## The problem
Work through the listing below and give again exactly the lines from the one with "Isinkwe Backpackers Bushcamp" to the one with "Citroen 2CV Grau", both ends included. All other lines and all pictures stay out.

## Information shown
=== Begin Enclosure ===

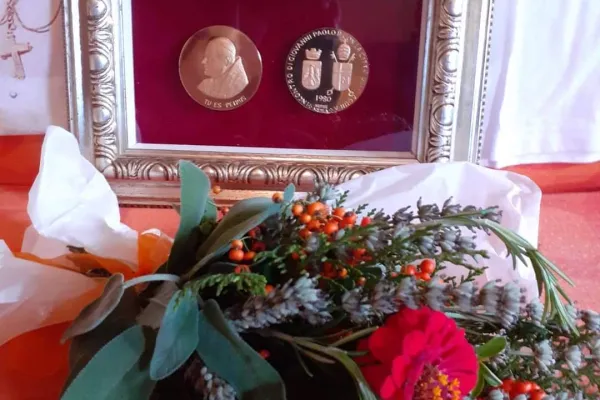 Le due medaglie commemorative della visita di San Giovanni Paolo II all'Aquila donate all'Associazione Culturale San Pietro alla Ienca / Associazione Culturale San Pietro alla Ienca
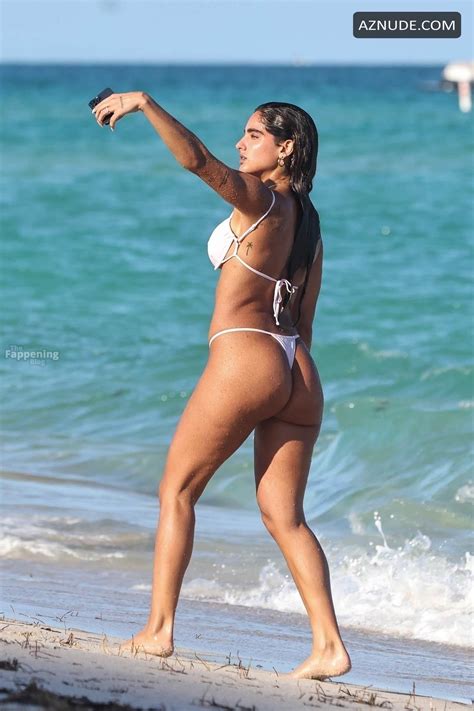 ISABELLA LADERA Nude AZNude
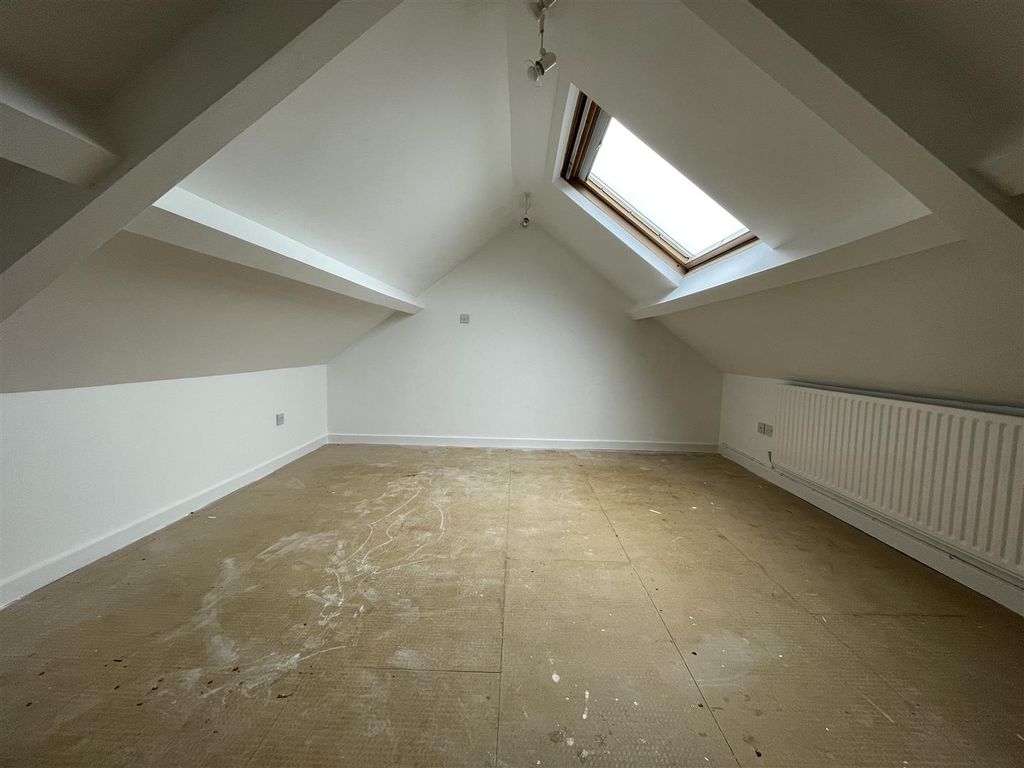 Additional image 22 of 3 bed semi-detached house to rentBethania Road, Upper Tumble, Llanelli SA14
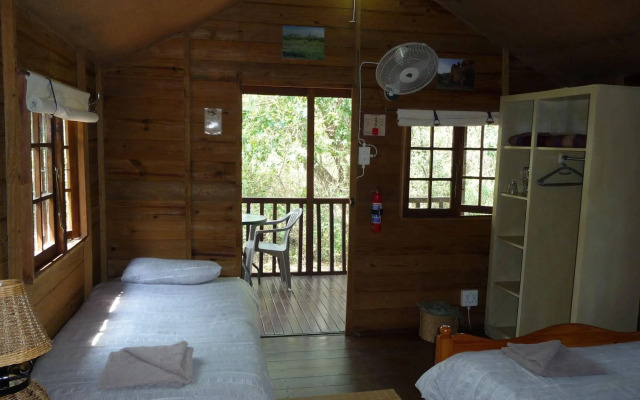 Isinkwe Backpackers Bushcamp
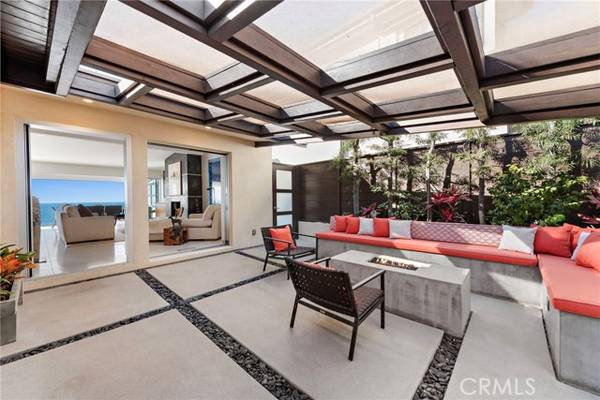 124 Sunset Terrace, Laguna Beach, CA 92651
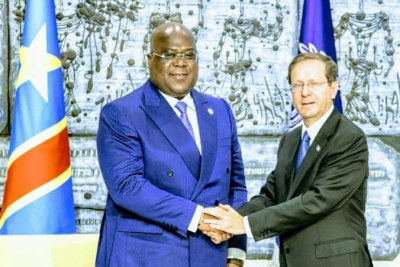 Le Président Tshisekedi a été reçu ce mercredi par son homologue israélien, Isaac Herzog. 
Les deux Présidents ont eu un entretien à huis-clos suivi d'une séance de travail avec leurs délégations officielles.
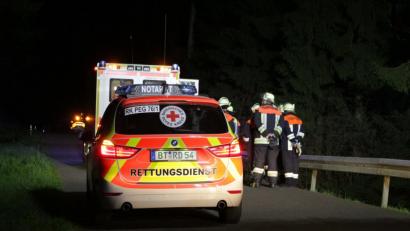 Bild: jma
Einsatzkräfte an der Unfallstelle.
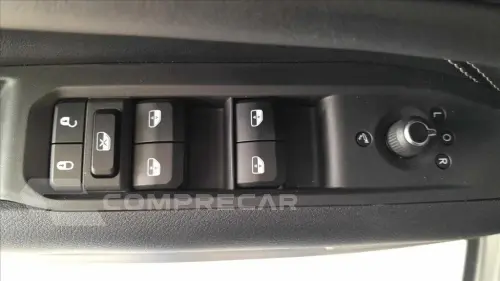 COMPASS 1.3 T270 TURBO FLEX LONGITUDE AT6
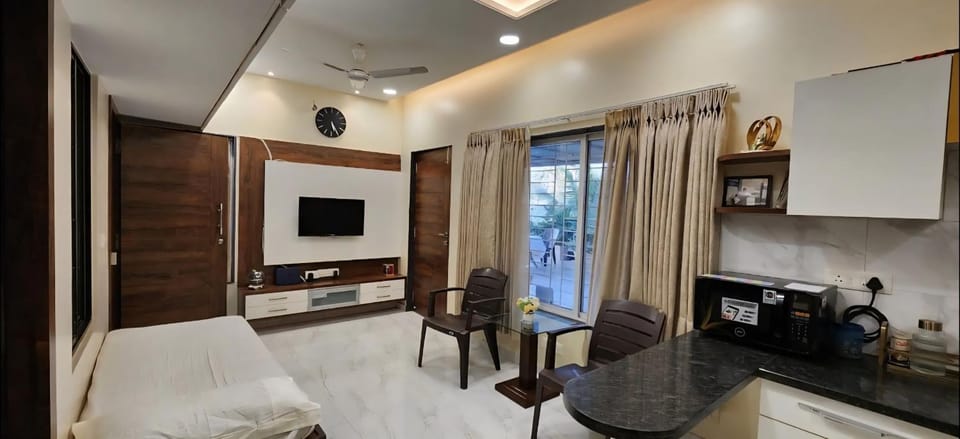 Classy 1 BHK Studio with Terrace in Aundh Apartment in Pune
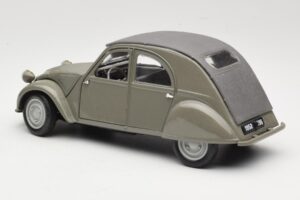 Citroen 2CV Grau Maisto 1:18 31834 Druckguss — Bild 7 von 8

=== End Enclosure ===
=== Begin Enclosure ===

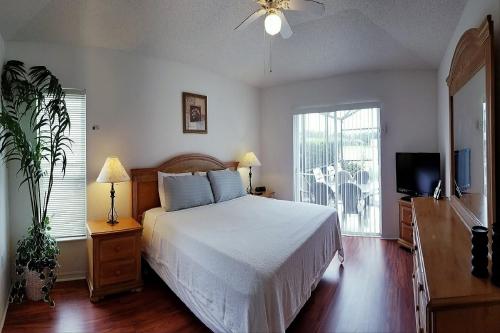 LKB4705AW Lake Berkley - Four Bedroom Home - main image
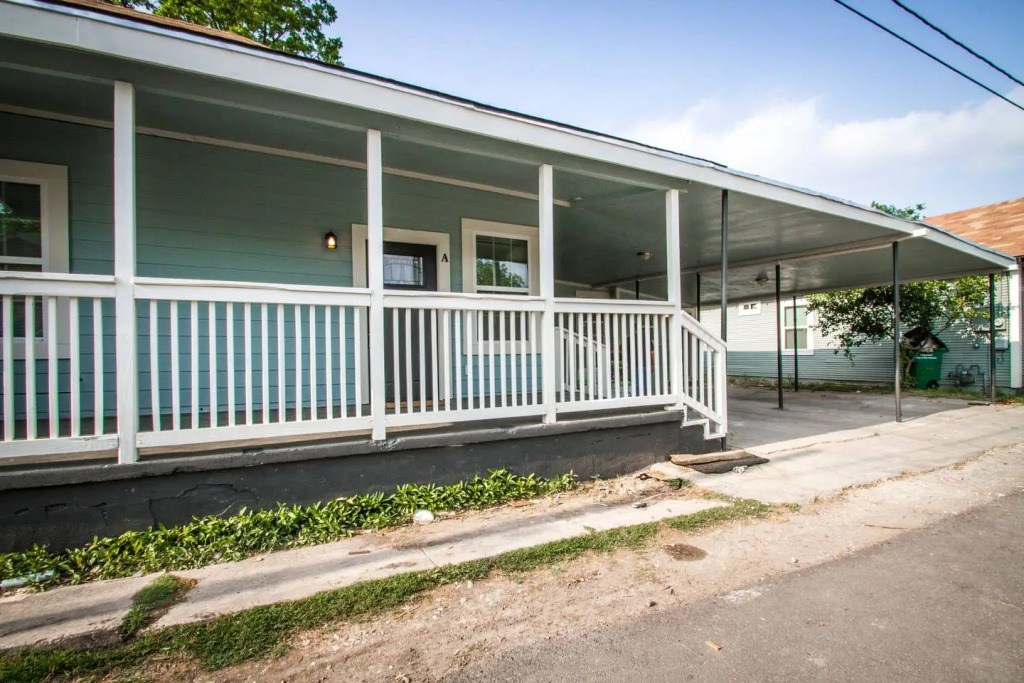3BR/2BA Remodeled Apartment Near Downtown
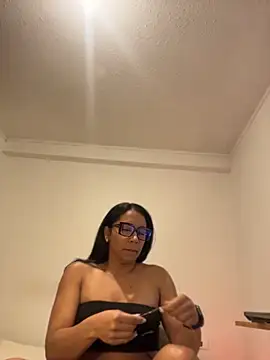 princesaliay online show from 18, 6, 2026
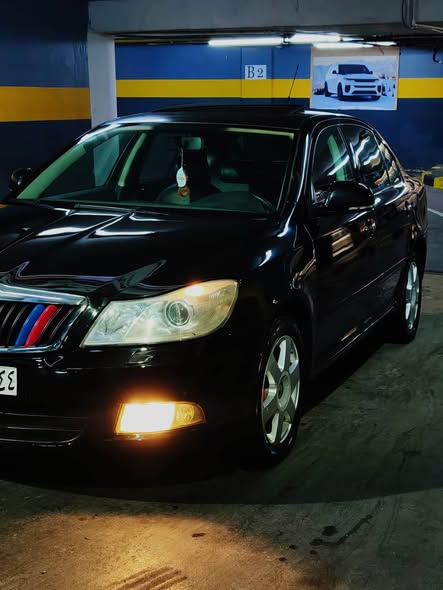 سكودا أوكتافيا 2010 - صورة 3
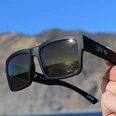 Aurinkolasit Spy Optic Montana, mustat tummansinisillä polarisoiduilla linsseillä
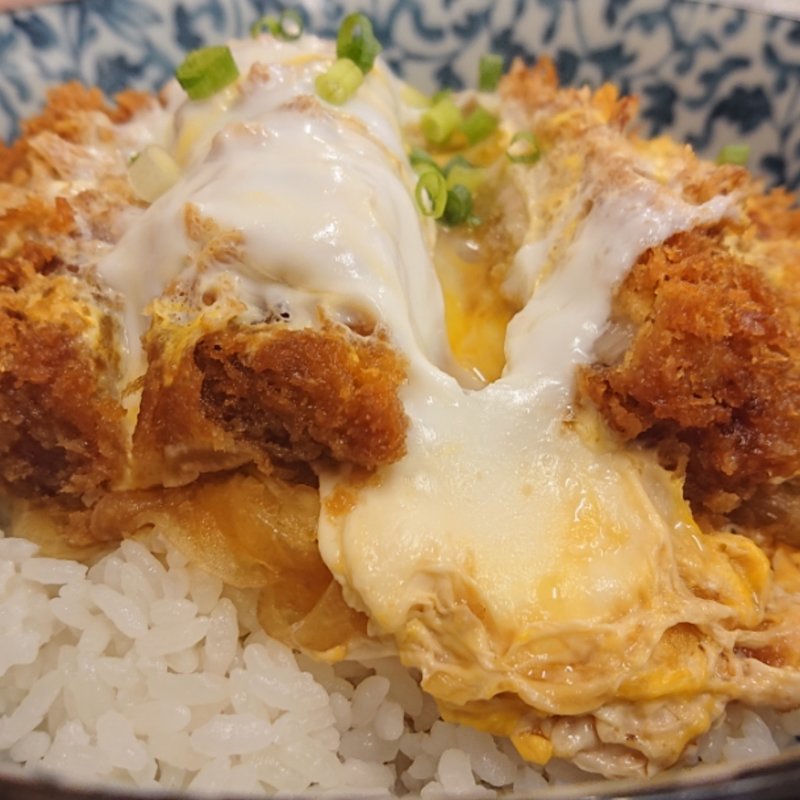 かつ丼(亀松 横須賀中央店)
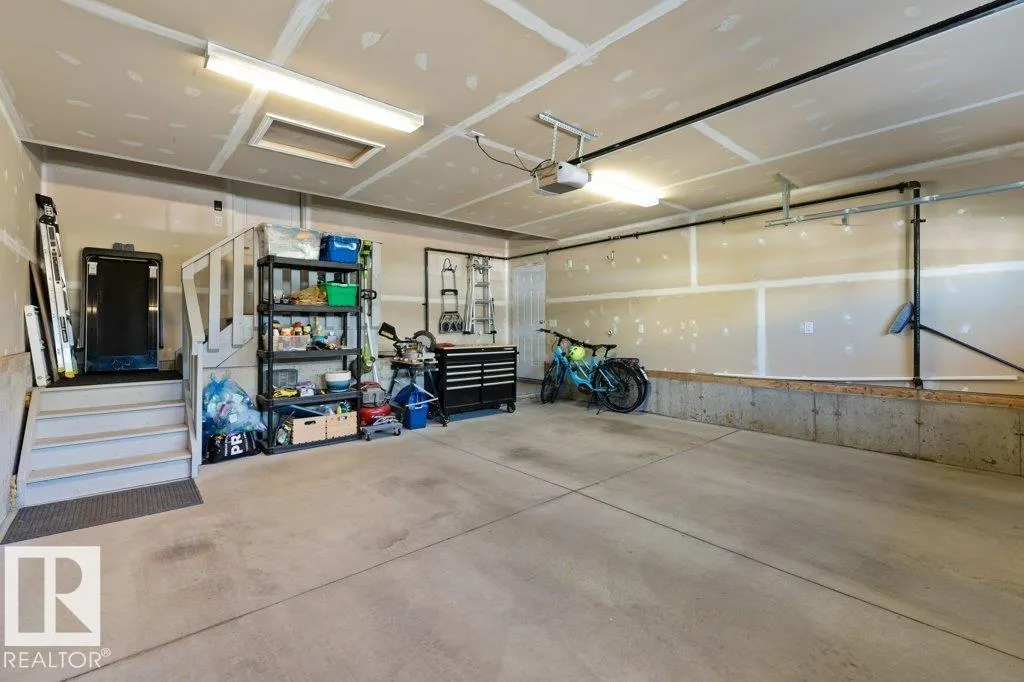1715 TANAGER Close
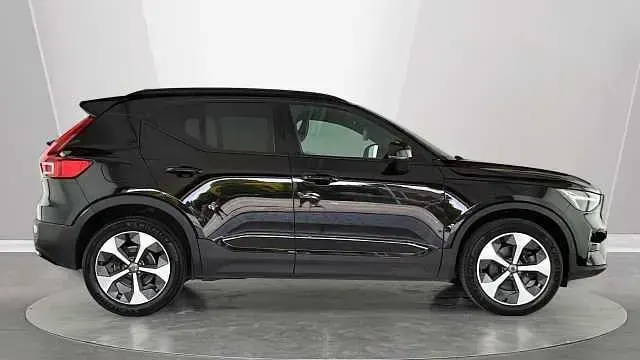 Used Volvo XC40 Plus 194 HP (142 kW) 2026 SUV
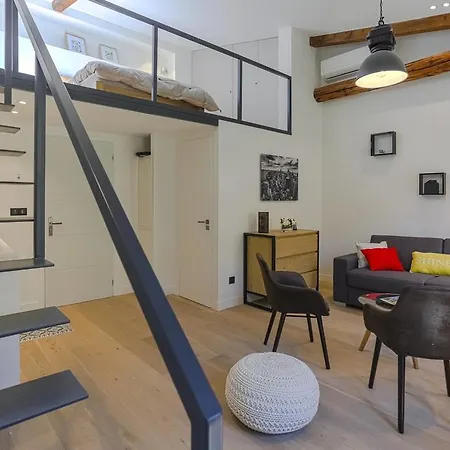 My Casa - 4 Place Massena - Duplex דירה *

=== End Enclosure ===
=== Begin Enclosure ===

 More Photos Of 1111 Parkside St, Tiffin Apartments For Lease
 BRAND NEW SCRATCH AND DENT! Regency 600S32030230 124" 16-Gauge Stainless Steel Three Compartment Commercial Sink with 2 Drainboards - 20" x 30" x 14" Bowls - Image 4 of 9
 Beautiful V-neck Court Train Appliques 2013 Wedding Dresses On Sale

=== End Enclosure ===

## Reply to the exercise
 Isinkwe Backpackers Bushcamp
 124 Sunset Terrace, Laguna Beach, CA 92651
 Le Président Tshisekedi a été reçu ce mercredi par son homologue israélien, Isaac Herzog. 
Les deux Présidents ont eu un entretien à huis-clos suivi d'une séance de travail avec leurs délégations officielles.
 Bild: jma
Einsatzkräfte an der Unfallstelle.
 COMPASS 1.3 T270 TURBO FLEX LONGITUDE AT6
 Classy 1 BHK Studio with Terrace in Aundh Apartment in Pune
 Citroen 2CV Grau Maisto 1:18 31834 Druckguss — Bild 7 von 8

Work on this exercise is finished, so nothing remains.